Saturday, August 27, 2016

August 26: Scenes Drift, Different Clouds, Best Man

Scenes drift across the screen from nowhere.  I can never discover the connection between any one scene and what I am more consciously thinking, nor can I ever conjure the scene back in full vividness . . .

Dillard is talking about memory.  The drift of ideas and images through her mind at any given time.  The present and past exist in one space.  She calls it the "psychological present."  Dillard may be sitting under a bankside sycamore, but her mind is asking questions.  "Where am I?"  "What is that smell?"  "Is that a hawk I see in the sky?"  All these scenes drift by like so many clouds, connected by a tenuous psychological thread.

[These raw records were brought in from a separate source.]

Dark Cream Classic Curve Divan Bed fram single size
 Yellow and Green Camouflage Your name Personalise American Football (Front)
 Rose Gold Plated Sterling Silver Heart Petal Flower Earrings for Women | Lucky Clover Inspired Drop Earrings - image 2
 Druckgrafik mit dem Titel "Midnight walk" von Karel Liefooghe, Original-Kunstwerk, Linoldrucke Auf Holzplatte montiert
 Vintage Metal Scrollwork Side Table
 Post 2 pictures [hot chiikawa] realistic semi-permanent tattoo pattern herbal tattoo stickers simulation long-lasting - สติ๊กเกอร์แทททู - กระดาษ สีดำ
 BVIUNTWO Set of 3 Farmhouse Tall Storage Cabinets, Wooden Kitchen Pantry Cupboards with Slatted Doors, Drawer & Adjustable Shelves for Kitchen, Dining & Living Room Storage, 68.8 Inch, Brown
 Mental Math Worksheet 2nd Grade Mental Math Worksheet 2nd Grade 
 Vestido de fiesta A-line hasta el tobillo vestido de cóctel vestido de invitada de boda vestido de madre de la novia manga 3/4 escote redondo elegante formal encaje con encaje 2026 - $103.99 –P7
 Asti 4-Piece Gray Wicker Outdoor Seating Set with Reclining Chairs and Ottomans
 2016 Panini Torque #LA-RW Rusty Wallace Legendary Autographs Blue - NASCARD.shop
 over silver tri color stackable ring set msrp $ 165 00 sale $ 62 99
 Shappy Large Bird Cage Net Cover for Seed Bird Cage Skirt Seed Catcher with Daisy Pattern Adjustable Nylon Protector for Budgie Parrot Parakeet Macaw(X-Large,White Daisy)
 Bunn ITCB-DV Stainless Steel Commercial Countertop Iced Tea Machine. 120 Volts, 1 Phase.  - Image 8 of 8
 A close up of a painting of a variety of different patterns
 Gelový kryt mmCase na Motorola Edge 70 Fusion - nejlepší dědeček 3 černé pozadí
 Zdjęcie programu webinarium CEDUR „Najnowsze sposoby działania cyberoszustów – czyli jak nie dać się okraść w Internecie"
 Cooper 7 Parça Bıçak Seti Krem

Last night, at book club, we talked a lot about death.  Since the month's selection was Mary Roach's Stiff:  The Curious Lives of Human Cadavers, this shouldn't come as a surprise.  One of my oldest and best friends is a member of our reading group, and she was also best friends with my sister who died last summer.  As we moved through the discussion questions, we talked about the morning my sister passed away.

It was a strange conversation.  While I remembered the morning one way, my friend remembered completely different details.  She remembers a song playing in the dark before her phone started to ring.  I remember waking up my wife, pulling pants out of the clothes basket, and shivering even though it wasn't cold outside.  We both remember my sister's breathing.  Like the pull and tug of water on a beach.  She remembers the color draining from my sister's face at 6:27 a.m.  I remember silence at 6:27 a.m.  Different clouds, same sky.

I'm not saying these things because I'm wallowing tonight.  I'm not sad.  It just struck me last night how memory works like a poem.  Different images piled together to create an emotional response.  We all think in image.  Memory is not a novel, read from beginning to end.  It's Leaves of Grass and Stopping by Woods on a Snowy Evening and Where the Sidewalk Ends.

Tonight, I'm meeting up with another friend who was the best man at my wedding.  Undoubtedly, we will share memories, as well as deep-fried mushrooms and a good deal of alcohol.   The poetry will be flowing all night long.  We will be drunk on poetry, as well as Tanqueray and tonic.  I'm talking close to 25 years of poetry.

Saint Marty hopes he doesn't end up with a poetry hangover.